Unfortunately this is not sufficient; consider the case where likes is {<1,2>,<3,2>,<1,4>,<3,4>}, i.e. there are two customers who like more than one pizza in common. pairsnomatch will be {<1,3>}, which is not right as customers 1 and 3 do like exactly the same pizza.
otherlikes = "R(otherlikes(othername, otherpizza), likes)"
hasMatches = f"S(cname<othername /\\ pizza==otherpizza, likes*{otherlikes})"
diffMatches = f"S(cname<othername /\\ pizza!=otherpizza, likes*{otherlikes})"
diffMatches2 = f"R(secondmatch(cnametwo, pizzatwo, othernametwo, otherpizzatwo), {diffMatches})"
safe = f"S(cname==cnametwo /\\ othername==othernametwo /\\ pizza==otherpizzatwo /\\ pizzatwo==otherpizza, {diffMatches}*{diffMatches2})"
toFilterOut = f"P([cname, pizza, othername, otherpizza], {safe})"
query = f"P([cname, othername], {hasMatches}) - P([cname, othername], {diffMatches} - {toFilterOut}))"
This answer fixes the problem by detecting the false negatives in safe and removing them from the set of customers who differ.

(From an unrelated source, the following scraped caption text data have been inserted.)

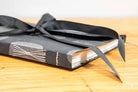 Long Stitch - A5 - Smooth Laser White - Cellula Black/Grey - Squares Black/Natural - Journal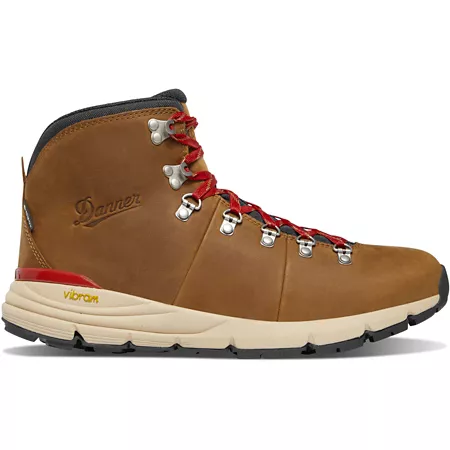 Danner Mountain 600 Gore-Tex Men's Low-Top Waterproof Hiking Boots 4.5-in Grizzly Brown/Rhodo Red 1 Pair Men's Hiking Boots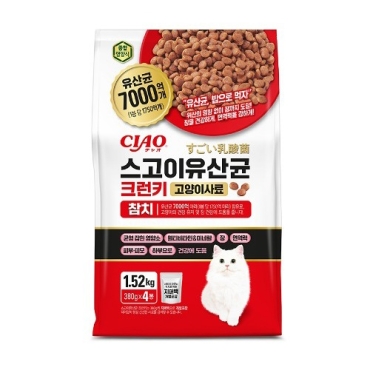 CIAO 스고이유산균 크런치사료(참치)1.52kg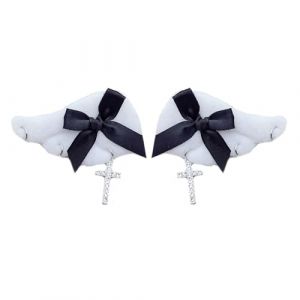 Lot de 2 pinces à cheveux mignonnes en forme d'aile de dessin animé avec pendentif en forme de croix pour cheveux épais pour femme Pince à cheveux mignonne avec nœud (xiangqianjia, neuf)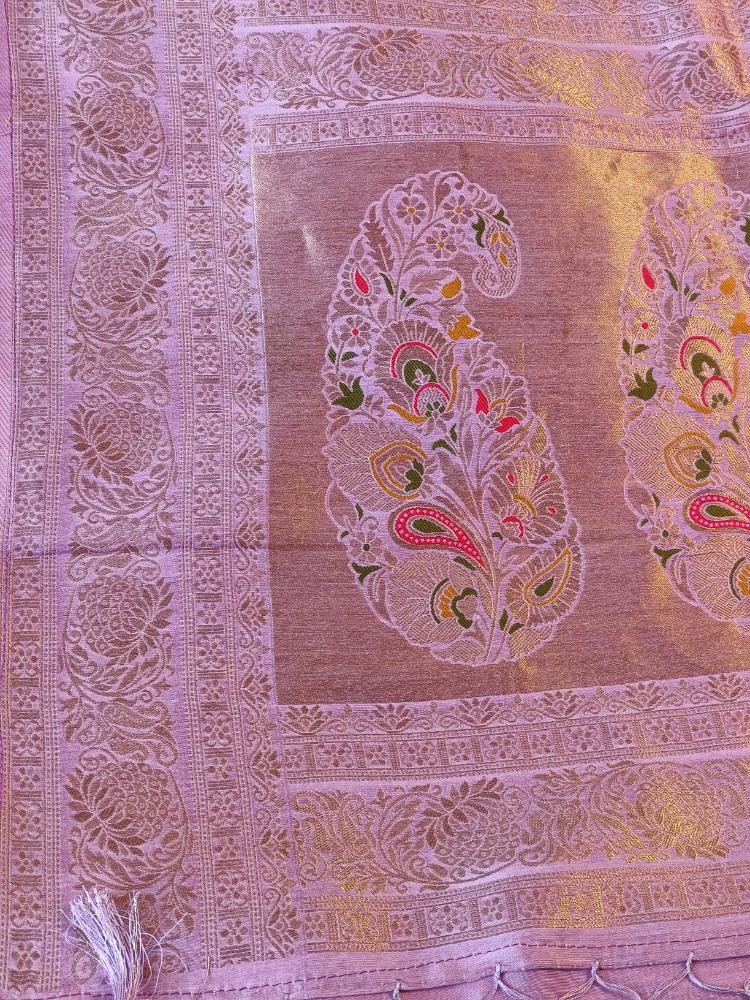 LAVENDER FLORAL JAAL MEENA BANARASI VISCOSE SAREE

Intuitively, if we have a pair of customers in diffMatches who like different pizza, but who also like pizza that the other likes, then their preferences do not differ, and we can consider that pair a false negative. A example of this with the input above is diffMatches being {<1,2,3,4>,<1,4,3,2>}, causing <1,3> to be in safe and not be considered as differing.